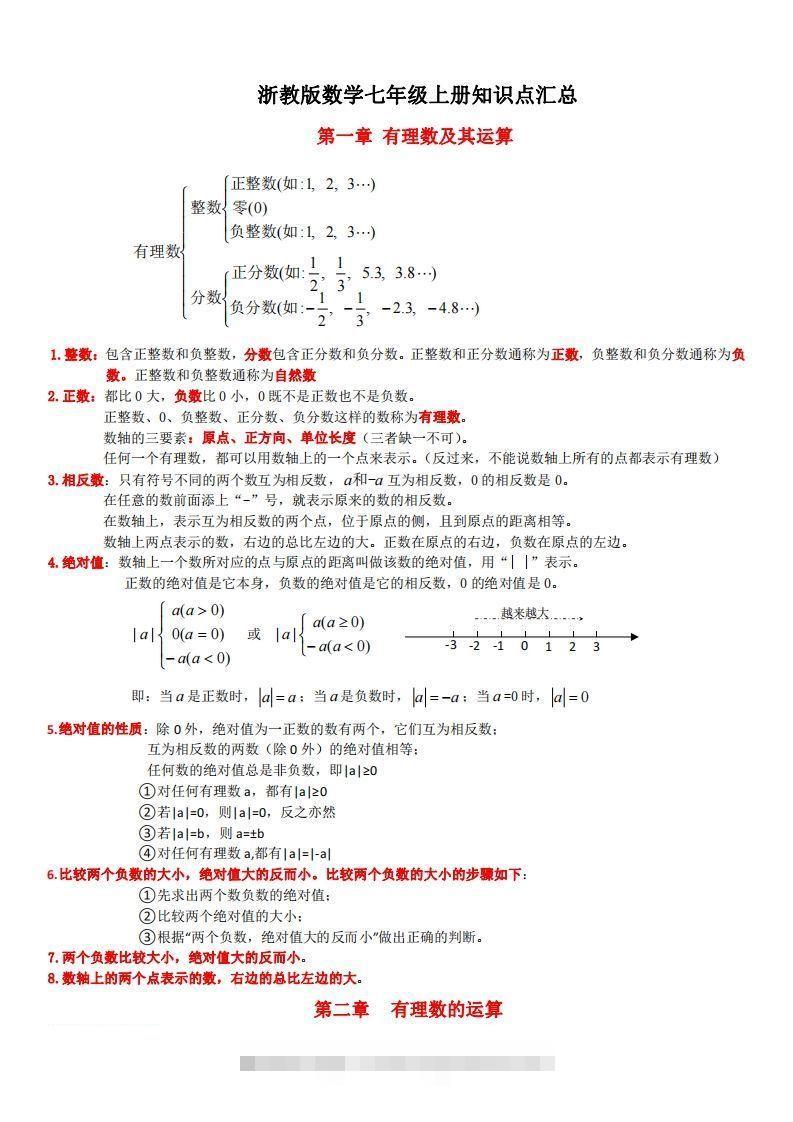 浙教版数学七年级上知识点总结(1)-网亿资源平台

* * *

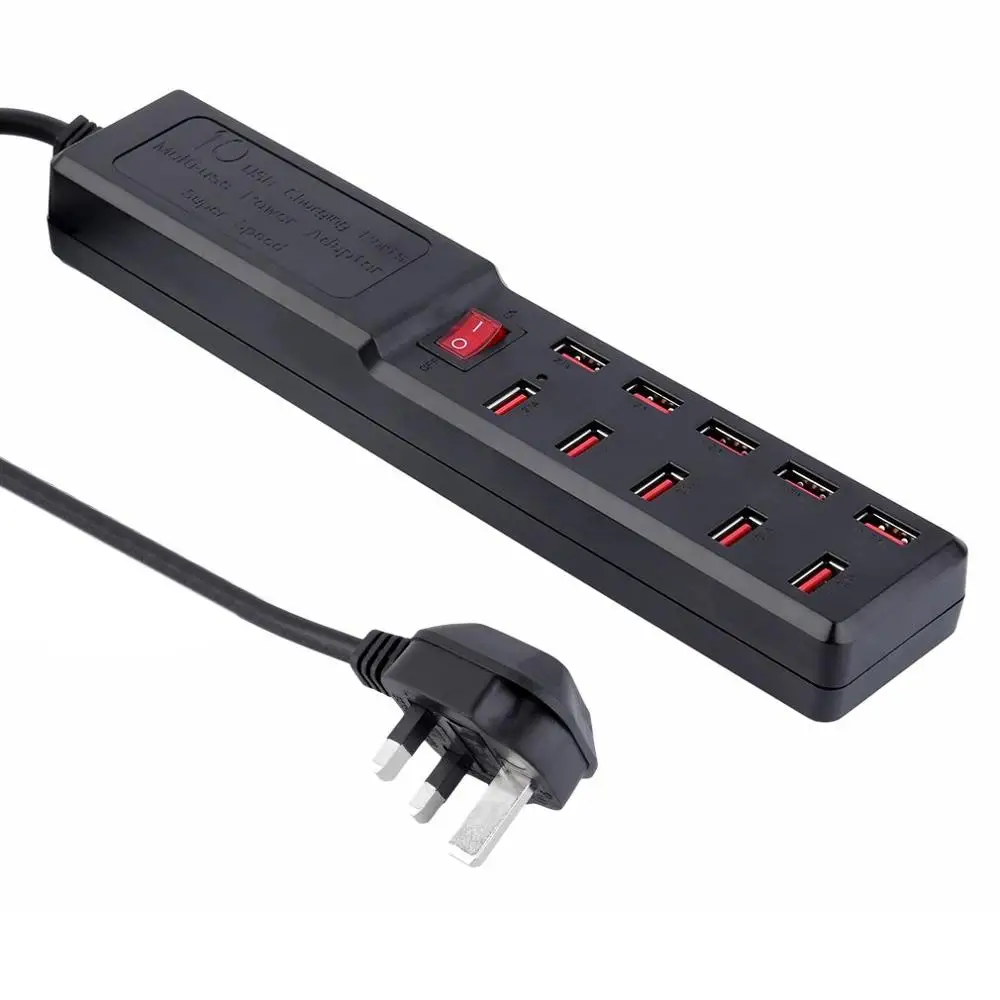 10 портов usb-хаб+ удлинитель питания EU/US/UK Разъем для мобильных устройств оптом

* * *

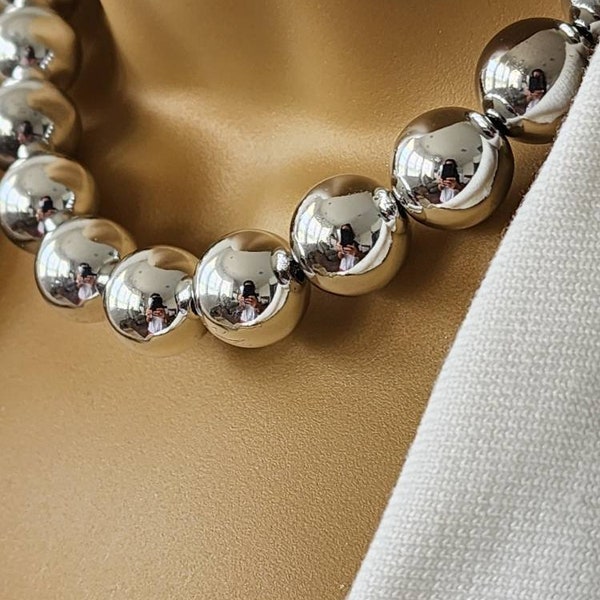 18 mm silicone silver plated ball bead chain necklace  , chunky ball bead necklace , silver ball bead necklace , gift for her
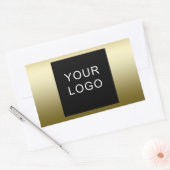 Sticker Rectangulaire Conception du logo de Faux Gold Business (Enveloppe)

» Exercise aim
From the records above, extract the lines from the one holding "18 mm silicone" through the one holding "Sticker Rectangulaire Conception", word for word; omit the pictures.

» Solution below
 18 mm silicone silver plated ball bead chain necklace  , chunky ball bead necklace , silver ball bead necklace , gift for her
 Sticker Rectangulaire Conception du logo de Faux Gold Business (Enveloppe)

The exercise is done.